Now he is facing a contest in Florida in which two recent polls show him trailing behind former House Speaker Newt Gingrich. As a result, Romney is running a slew of negative messages on the Florida airwaves.
During the past few weeks, the Romney campaign and groups in support of his candidacy have spent millions on radio, television, and direct-mail advertising. As of Jan. 19, the campaign had already spent $2.4 million on television ads in the Sunshine State, according to the Campaign Media Analysis Group (CMAG) of Kantar Media.
Restore Our Future, a super PAC that supports the former Massachusetts governor, had already spent an additional amount of approximately $2.4 million, most of which had attacked Gingrich and former Pennsylvania Sen. Rick Santorum.
Romney’s campaign ads have run most frequently in the Orlando and Tampa markets, where 45 percent of the state’s 4 million registered Republicans live.
The ad campaign sought to influence the early voting in Florida, where roughly 200,000 people have already cast early and absentee ballots at a time when Romney appeared to have the momentum.
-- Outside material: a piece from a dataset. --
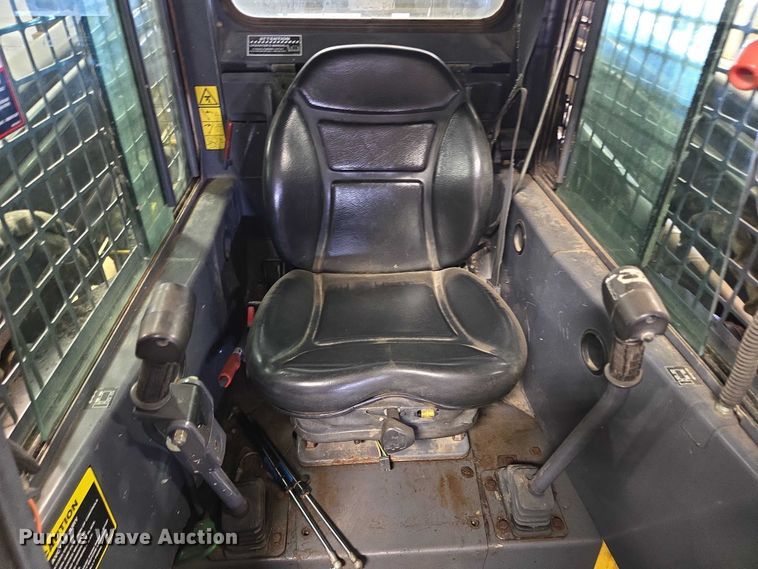 image for item DY1422 2001 New Holland LS180 skid steer loader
A new 30-second ad released on Monday, which the Romney campaign is calling “Florida Families,” slams Gingrich for having “cashed in as a D.C. insider.”
In television footage, the narrator and displayed text state, “While Florida families lost everything in the housing crisis, Newt Gingrich cashed in.”
The ad then has Gingrich saying that he gave advice as a historian, after which the narrator asks, “An historian. Really?”
Television ads are paramount in Florida, a state that extends 500 miles from north to south and covers close to 66,000 square miles, diminishing the influence of retail politics on the electoral outcome of the upcoming primary.